Vorplatzbenennung Jüdisches Museum – die Geschichte mit der „Haskala“

Seit nun schon einiger Zeit streitet die BVV darüber, wie der Vorplatz des Jüdischen Museums benannt werden soll. Der Platz, an dem das Jüdische Museum auch ein „Education Center“ einrichten möchte, gehört (auf Wunsch des Jüdischen Museums) dem Bezirk. Damit unterliegt er einem demokratisch gefassten BVV-Beschluss von 2005, dass Straßen und Plätze nach Frauen benannt werden sollen: Derzeit heißen die meisten Straßen und Plätze nach Männern. Das Jüdische Museum wünschte sich für den Platz allerdings den Namen Moses Mendelssohn, also einen Männernamen. Im Friedrichshain-Kreuzberger Bezirksliquid wurde ein Kompromiss vorgeschlagen, den ich zu diesem Zeitpunkt sehr überzeugend fand: Wir könnten, so der Vorschlag, den Platz doch einfach nach einer Bewegung benennen. Die „Haskala“, eine jüdische Aufklärungsbewegung (die übrigens auch im Hebräischen einen weiblichen Artikel hat), bekam ein positives Liquid-Votum. An LQFB-Beschlüsse wollen wir uns möglichst halten, außerdem erschien uns der Vorschlag auch inhaltlich eine prima Idee. Jana und ich stellten ihn also auf einer Sitzung des Ausschusses für Frauen, Gleichstellung und Queer ausführlich vor. Auf der Sitzung waren auch zwei Vertreterinnen des jüdischen Museums, der auf jüdische Geschichte spezialisierte Historiker Götz Aly und eine Vertreterin der Presse anwesend. Wir erklärten, warum der Name „Haskala“ unser Problem lösen könne (kein Personenname) und dass der Wunschname des Jüdischen Museums, Moses Mendelssohn, sogar auf Zusatzschildern doch noch zum Tragen kommen könne: Er war nämlich ein bedeutender Wegbereiter der Bewegung. Mehrere Vertreterinnen anderer Parteien fanden den Vorschlag gut. Die Vertreterinnen des Jüdischen Museums und Götz Aly allerdings lehnten den Vorschlag massiv ab. Wir ließen nicht locker, sondern fragten nach bis wir eine konkrete Begründung erhielten. Diese lautete wie folgt: Die Haskala habe ein Integrationsverständnis vertreten, das eher Assimilation der Jüdinnen und Juden bedeutet habe. Die Bewegung habe die Vorstellung gehabt, dass Juden soweit wie die christliche Mehrheitsgesellschaft werden könnten, dass es keine Diskriminierung der jüdischen Bevölkerung mehr gebe. Spätestens mit der Shoah, so ergänzte Aly, habe diese Hoffnung ein brutales Ende gefunden. Ein Verständnis des Zusammenlebens, das auf Assimilation hinauslaufe, sei weder zeitgemäß und noch wünschenswert.

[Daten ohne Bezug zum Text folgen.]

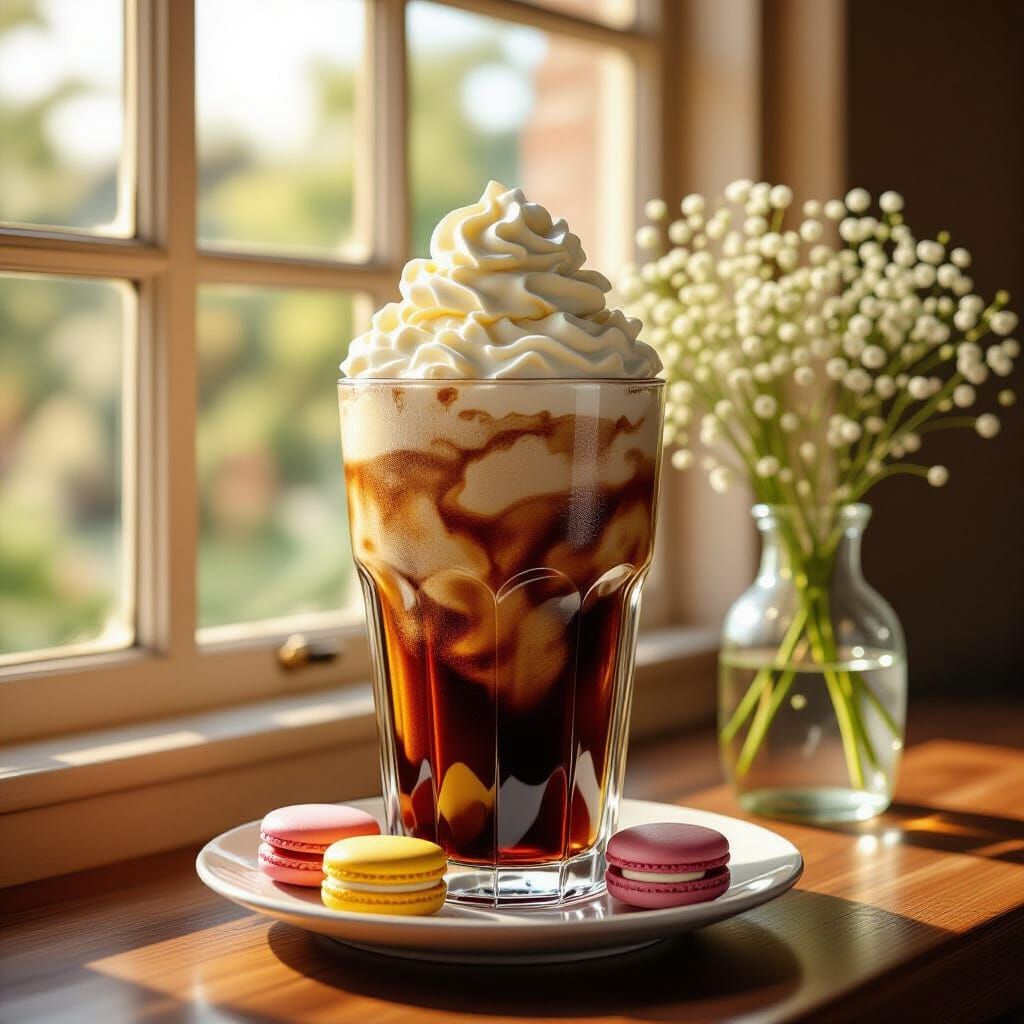 Refreshing Root Beer Float with Vanilla Ice Cream in Sunshin...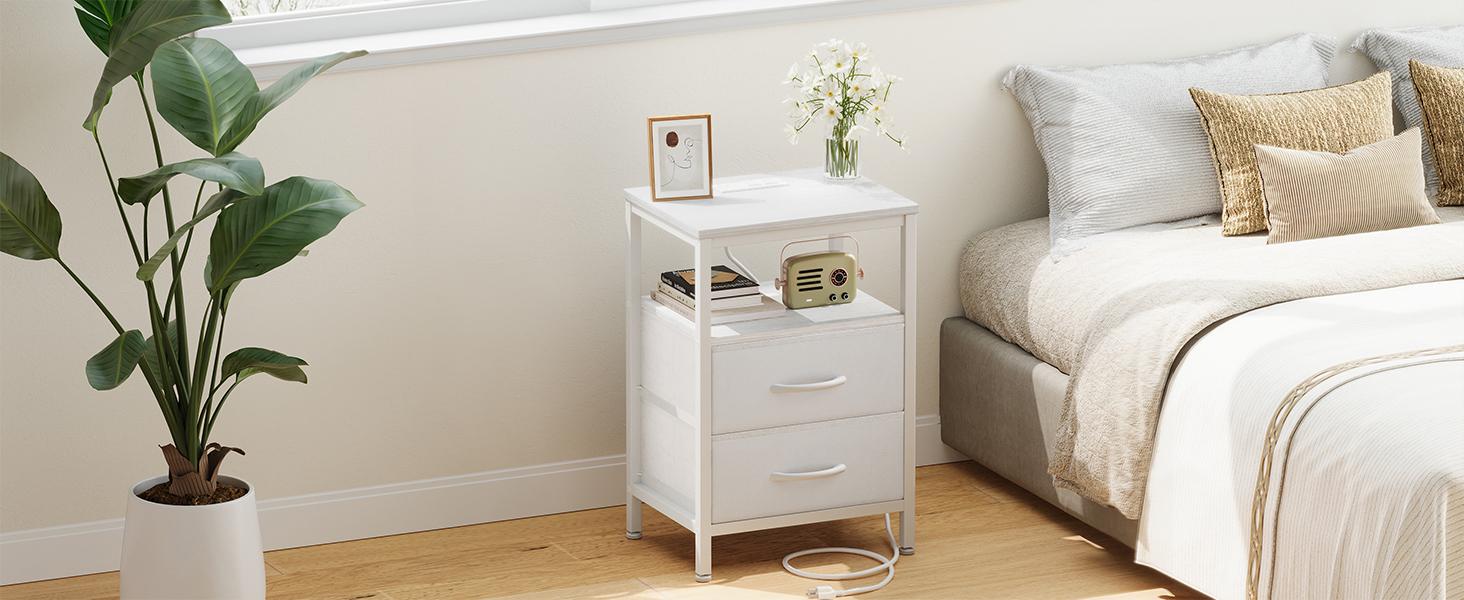 Nightstand with Charging Station and 2 Fabric Drawer, Bedside Table Furniture with USB Ports and Outlets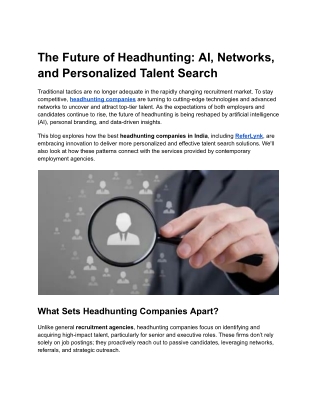 The Future of Headhunting_ AI, Networks, and Personalized Talent Search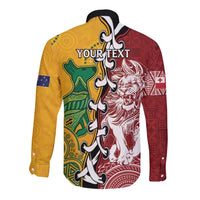 Mate Ma'a Tonga Vs Australia Rugby Personalized Long Sleeve Button Shirt Special Mascots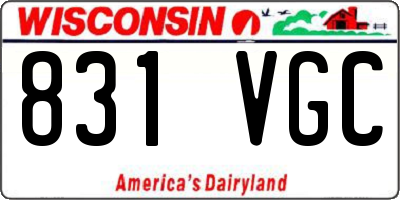 WI license plate 831VGC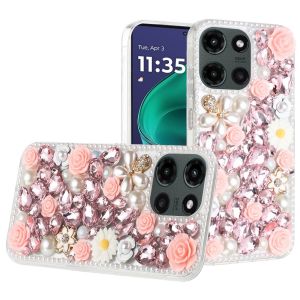 For Moto G Stylus 5G 2025 Rose Flower Full Diamond Bling Stones - Pink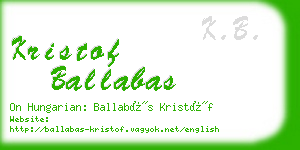 kristof ballabas business card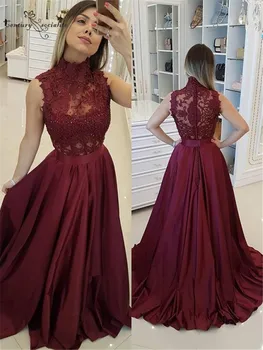 

Burgundy Evening Dresses Long Lace Appliques Beaded High Neck A-Line Satin 2020 Prom Dress Formal Gowns Robe de soiree Cheap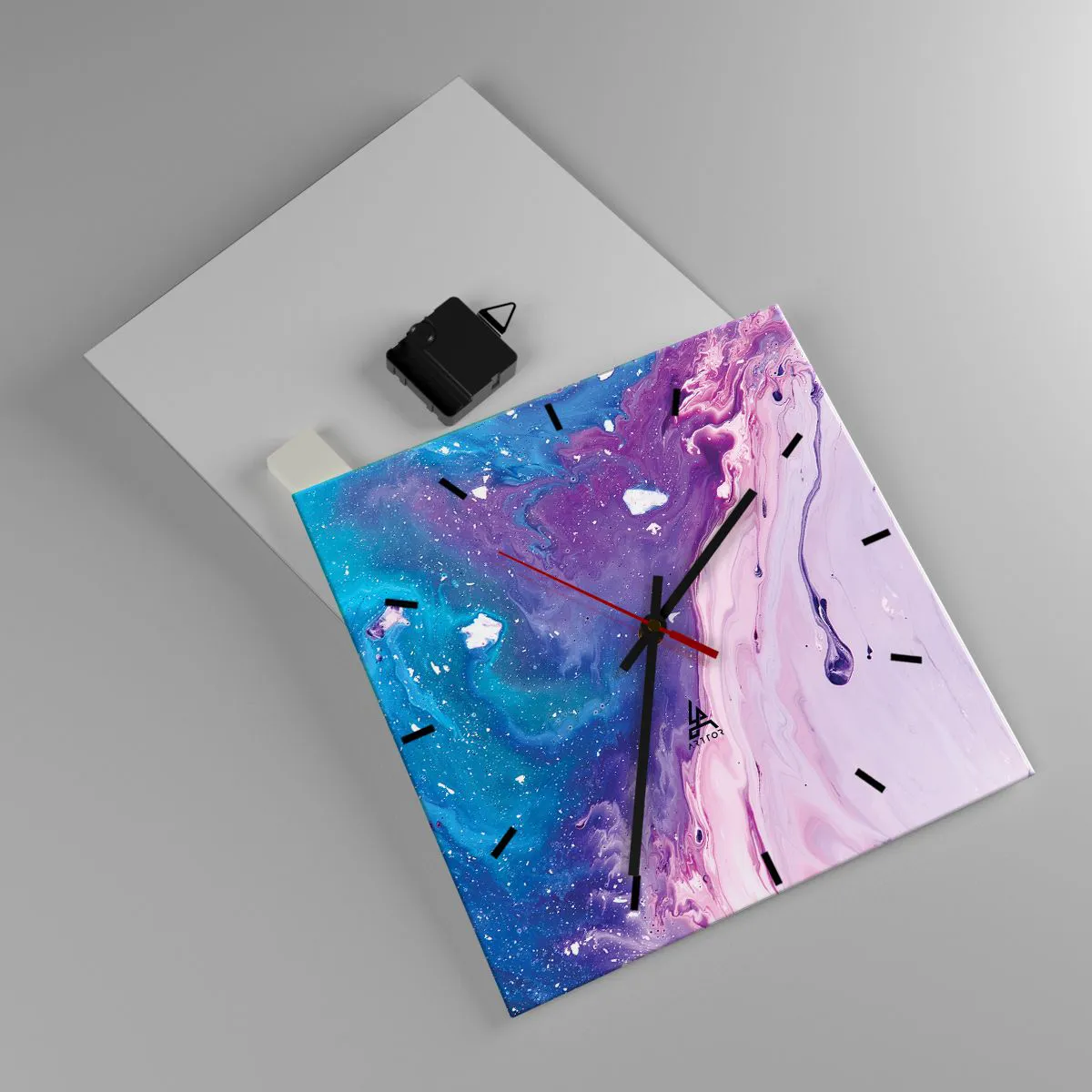 Relógio de parede - Relógio em vidro - Yin e yang - 30x30 cm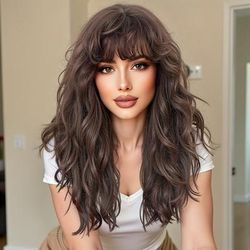 TEMU Long Wavy Dark Brown Wig With Bangs For Women - High-temperature Synthetic Fiber, Cap, Natural-looking Curls,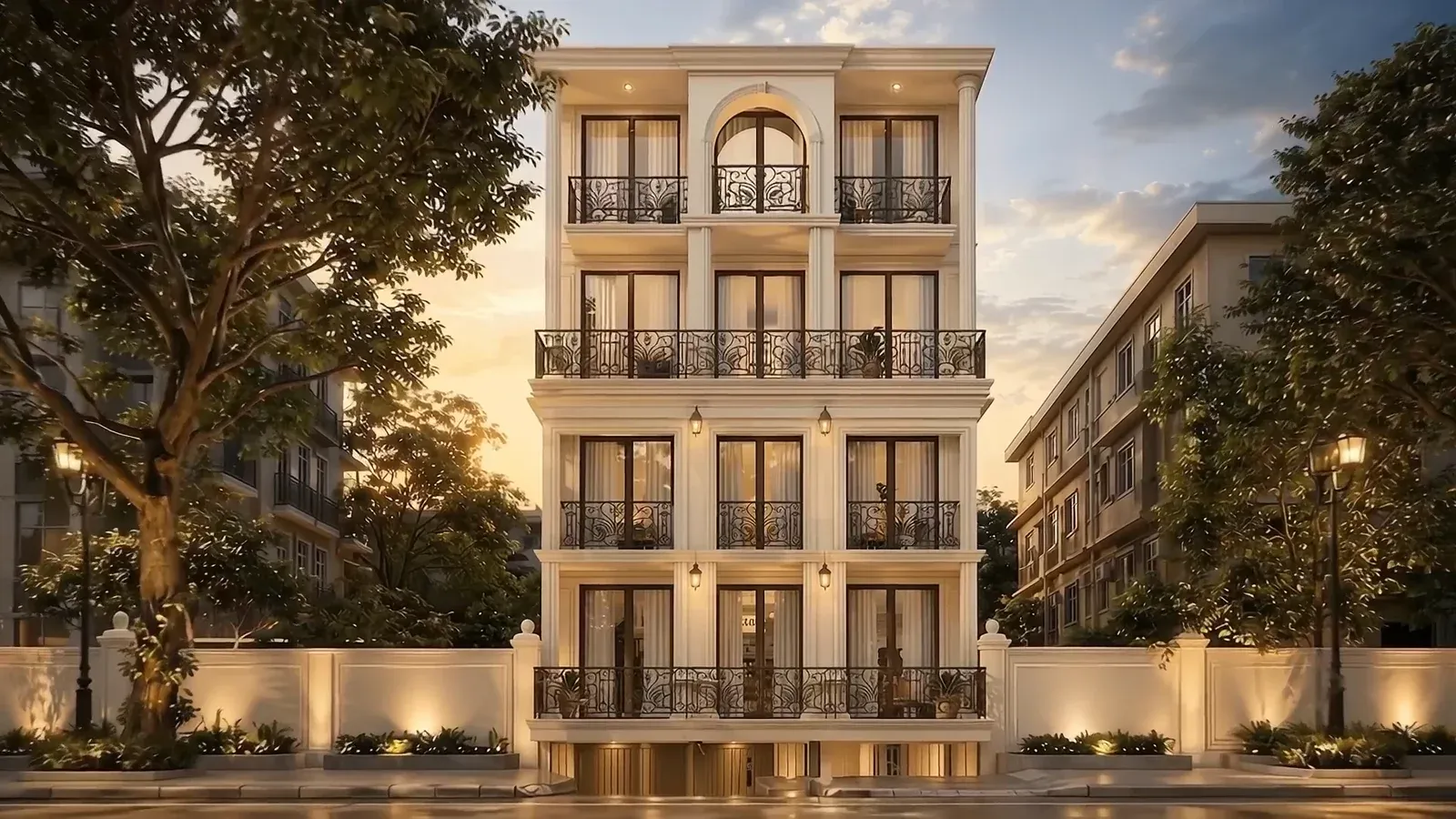 Classical stone facade of a four-storey South Delhi builder floor at dusk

Inwiefern diese historische Bewertung zutrifft – und inwiefern sie dann nicht auch auf Moses Mendelssohn als Wegbereiter der Haskala zutreffen müsste – können wir als Nichtspezialistinnen nur wenig beurteilen. Wie fast jede Bewegung wurde auch die Haskala von durchaus unterschiedlichen Menschen getragen und einiges wird eine Frage der historischen Gewichtung verschiedener Facetten sein. Dennoch haben uns die vorgetragenen Bedenken dazu bewegt, den Namen Haskala nicht weiter offensiv und gegen den Widerstand des Jüdischen Museums zu vertreten. Das war auch deshalb möglich, weil sich zwei neue Kompromissvorschläge abzeichneten.

Die historische Bewertung der Haskala ist offenbar umstrittener, als uns zuvor bewusst war.
Wir nehmen an, dass dies bei der LQFB-Abstimmung nicht bekannt waren, also einen neuen Fakt darstellt, der es rechtfertigt, dass wir nicht weiter auf die Haskala gedrängt haben – wir haben es wie gesagt ausführlich und standhaft getan, bevor wir über die Bewertung der Bewegung seitens des Jüdischen Museums und Aly informiert wurden. Wir hoffen, liebe Xhainer Basis, ihr seid mit unserem Verhalten einverstanden.